Seven unexpected features of this cluster network (Fig. 1) and its evolution (Fig. 2) together explain why negative views have become so robust and resilient, despite a considerable number of news stories that supported vaccination and were against anti-vaccination views during the measles outbreak of 2019 and recent efforts against anti-vaccination views from pro-vaccination clusters and Facebook.
First, although anti-vaccination clusters are smaller numerically (that is, have a minority total size, Fig. 1d) and have ideologically fringe opinions, anti-vaccination clusters have become central in terms of the positioning within the network (Fig. 1a). Specifically, whereas pro-vaccination clusters are confined to the smallest two of the three network patches (Fig. 2a), anti-vaccination clusters dominate the main network patch in which they are heavily entangled with a very large presence of undecided clusters (more than 50 million undecided individuals). This means that the pro-vaccination clusters in the smaller network patches may remain ignorant of the main conflict and have the wrong impression that they are winning.

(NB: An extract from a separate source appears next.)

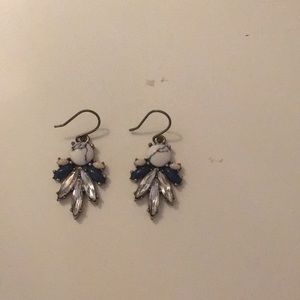 Morning tide drop earrings.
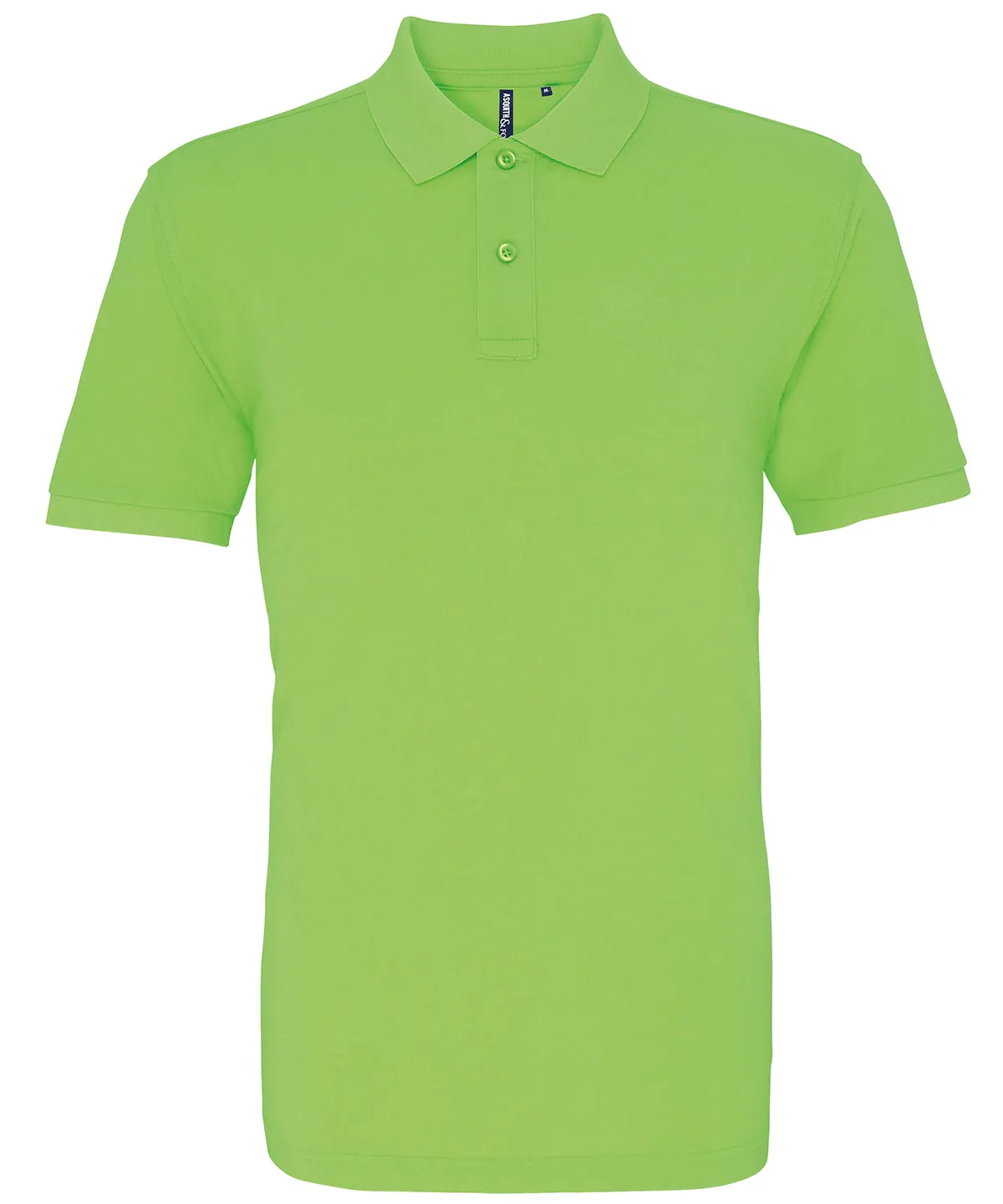 Mens Classic fit polo | Neon Green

Second, instead of the undecided population being passively persuaded by the anti- or pro-vaccination populations, undecided individuals are highly active: the undecided clusters have the highest growth of new out-links (Fig. 1a), followed by anti-vaccination clusters. Moreover, it is the undecided clusters who are entangled with the anti-vaccination clusters in the main network patch that tend to show this high out-link growth. These findings challenge our current thinking that undecided individuals are a passive background population in the battle for ‘hearts and minds’.

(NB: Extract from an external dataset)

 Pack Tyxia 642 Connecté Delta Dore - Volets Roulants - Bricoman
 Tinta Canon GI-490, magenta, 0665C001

Third, anti-vaccination individuals form more than twice as many clusters compared with pro-vaccination individuals by having a much smaller average cluster size. This means that the anti-vaccination population provides a larger number of sites for engagement than the pro-vaccination population. This enables anti-vaccination clusters to entangle themselves in the network in a way that pro-vaccination clusters cannot. As a result, many anti-vaccination clusters manage to increase their network centrality (Fig. 2b) more than pro-vaccination clusters despite the media ambience that was against anti-vaccination views during 2019, and manage to reach better across the entire network (Fig. 2a).

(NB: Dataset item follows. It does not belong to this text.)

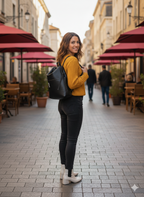 Leather Everyday Bag - Black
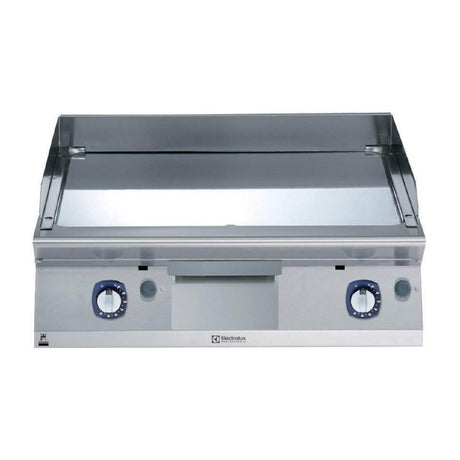 Electrolux FY533 Electrolux 700XP Gas Griddle Smooth Chrome Plate 800mm E7FTGHCS00 (Direct) - HospoStore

Fourth, our qualitative analysis of cluster content shows that anti-vaccination clusters offer a wide range of potentially attractive narratives that blend topics such as safety concerns, conspiracy theories and alternative health and medicine, and also now the cause and cure of the COVID-19 virus. This diversity in the anti-vaccination narratives is consistent with other reports in the literature4. By contrast, pro-vaccination views are far more monothematic. Using aggregation mathematics and a multi-agent model, we have reproduced the ability of anti-vaccination support to form into an array of many smaller-sized clusters, each with its own nuanced opinion, from a population of individuals with diverse characteristics (Fig. 3b and Supplementary Information).
a, Theoretical prediction for the future total size of anti-vaccination and pro-vaccination support without new interventions (coloured lines with 2σ bands from the simulation). Under the present conditions, it predicts that total anti-vaccination support reaches dominance in around 10 years. b, Top left, our theoretical model predicts that, as observed empirically, many smaller-sized anti-vaccination clusters form, with each cluster having its own nuanced type of narrative (for example, X, Y, Z) that surrounds a general topic (vaccines in this case). Bottom left, the predicted growth profile of individual clusters can be manipulated by altering the heterogeneity to delay the onset and decrease the growth. Bottom middle, pro-vaccination population B is predicted to overcome the anti-vaccination population, or persuade the undecided population, X, within a given network patch in time T by using Fig. 1a to identify and then engage with all the clusters. Bottom right, the link dynamics can be manipulated to prevent the spread of negative narratives. See Supplementary Information for all mathematical details.
Fifth, anti-vaccination clusters show the highest growth during the measles outbreak of 2019, whereas pro-vaccination clusters show the lowest growth (Fig. 1c). Some anti-vaccination clusters grow by more than 300%, whereas no pro-vaccination cluster grows by more than 100% and most clusters grow by less than 50%. This is again consistent with the anti-vaccination population being able to attract more undecided individuals by offering many different types of cluster, each with its own type of negative narrative regarding vaccines.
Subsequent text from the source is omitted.